As shown in Figure 1,180 ° of single cam liquid chromatography pumps in parallel comprise that cam 51, a symmetry that is installed on the camshaft 50 is installed in two reciprocal conveying mechanisms and two pump heads 55 of cam 51 both sides.Wherein back and forth conveying mechanism comprise by the bearing (not shown) be supported on plunger push rod 53 on the housing (not shown) of liquid chromatograph, be fixedly connected on plunger push rod 53 1 ends plunger 59, be fixedly connected on the plug of plunger push rod 53 the other ends and be rotatably installed in supporting roller 52 in the plug.The other end of plunger 59 stretches in the pump chamber 56 of pump head 55, is provided with seal element 54 between plunger push rod 53 and the pump head 55.Pump head 55 is provided with inlet opening 57 and the outage 58 that is communicated with pump chamber 56 respectively, inlet opening 57 and outage 58 are communicated with the liquid supplying device and the feeler mechanism of liquid chromatograph by pipeline respectively, in inlet opening 57 and outage 58 the one-way valve (not shown) are installed separately.On its basic circle excircle, be provided with cam curve on the cam 51, the cam curve contact matching of supporting roller 52 and cam 51.When driving mechanism drives cam 51 rotations, supporting roller 52 rolls along the cam curve of cam 51, thereby the rotational motion of cam 51 is converted into the to-and-fro motion of plunger push rod 53 and plunger 59, make the pressure size alternate in the pump chamber 56 of pump head 55, simultaneously advance, under the effect of two one-way valves in the outage, just realized that plunger 59 just whenever makes a round trip and extracted certain amount of fluid, and discharged certain amount of fluid, finished its liquor charging function from outage 58 from inlet opening 57.

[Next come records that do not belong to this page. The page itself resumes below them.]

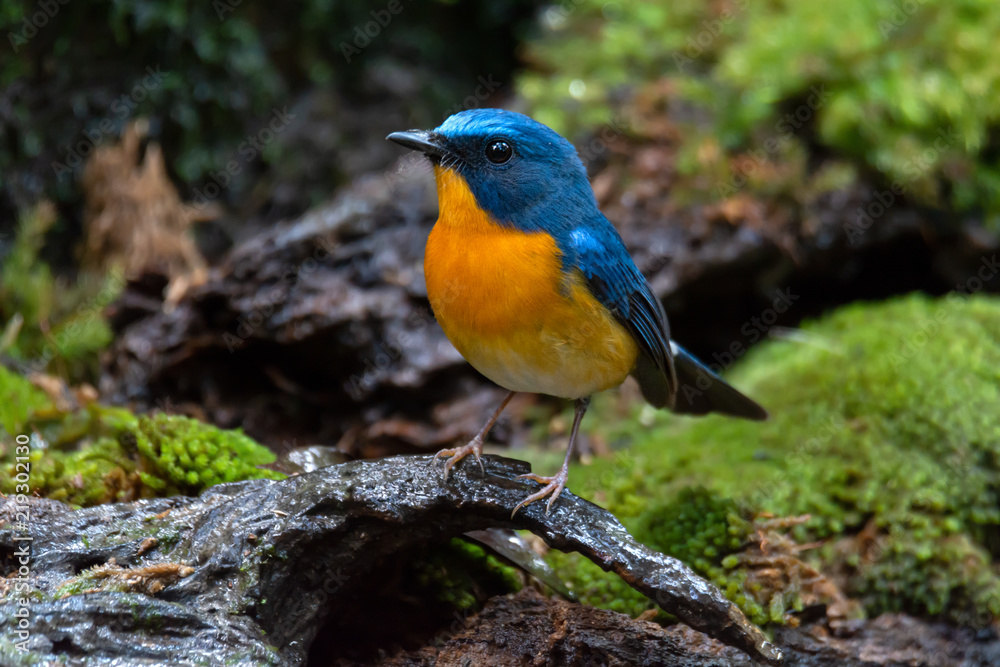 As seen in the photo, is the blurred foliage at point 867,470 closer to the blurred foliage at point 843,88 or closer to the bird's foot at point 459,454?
the bird's foot at point 459,454

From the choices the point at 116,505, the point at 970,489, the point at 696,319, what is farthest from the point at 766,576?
the point at 696,319

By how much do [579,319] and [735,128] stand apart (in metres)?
4.16

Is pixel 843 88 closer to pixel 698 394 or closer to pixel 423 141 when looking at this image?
pixel 698 394

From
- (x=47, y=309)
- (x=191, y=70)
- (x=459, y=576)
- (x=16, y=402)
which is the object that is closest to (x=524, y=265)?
(x=459, y=576)

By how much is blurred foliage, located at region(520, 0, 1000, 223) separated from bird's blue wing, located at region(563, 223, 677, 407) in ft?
9.72

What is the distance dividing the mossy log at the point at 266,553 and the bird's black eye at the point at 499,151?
1347 mm

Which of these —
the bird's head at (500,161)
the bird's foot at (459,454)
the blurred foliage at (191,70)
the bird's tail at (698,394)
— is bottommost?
the bird's tail at (698,394)

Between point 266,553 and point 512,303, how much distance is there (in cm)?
136

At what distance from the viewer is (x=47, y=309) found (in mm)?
5719

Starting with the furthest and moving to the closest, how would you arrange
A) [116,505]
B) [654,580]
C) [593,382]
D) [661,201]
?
[661,201]
[593,382]
[116,505]
[654,580]

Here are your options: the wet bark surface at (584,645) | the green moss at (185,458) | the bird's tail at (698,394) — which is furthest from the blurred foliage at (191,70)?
the wet bark surface at (584,645)

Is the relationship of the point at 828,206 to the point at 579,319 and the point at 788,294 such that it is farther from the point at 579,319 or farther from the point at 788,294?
the point at 579,319

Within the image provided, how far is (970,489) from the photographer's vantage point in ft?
14.3

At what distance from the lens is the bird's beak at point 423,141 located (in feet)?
11.1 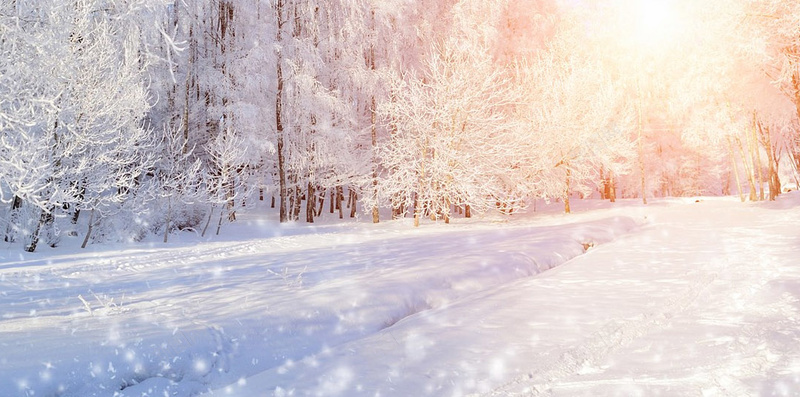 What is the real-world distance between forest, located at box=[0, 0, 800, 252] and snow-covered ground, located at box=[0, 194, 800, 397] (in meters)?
5.24

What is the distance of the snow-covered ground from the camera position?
424 centimetres

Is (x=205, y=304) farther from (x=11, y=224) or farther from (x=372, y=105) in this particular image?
(x=372, y=105)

Shown in Figure 2 is 120 ° of single cam liquid chromatography pumps in parallel, its structure is basic identical with 180 ° of single cam liquid chromatogram pump structures in parallel, more than only a reciprocal conveying mechanism and a pump head 55.Have 3 reciprocal conveying mechanisms and 3 pump heads 55 in these 120 ° single cam liquid chromatography pumps in parallel.3 reciprocal conveying mechanisms are radial even distribution around the cylindrical of cam 51, the angle between adjacent two reciprocal conveying mechanisms is 120 °.Back and forth conveying mechanism is identical with reciprocal conveying mechanism among Fig. 1, repeats no more.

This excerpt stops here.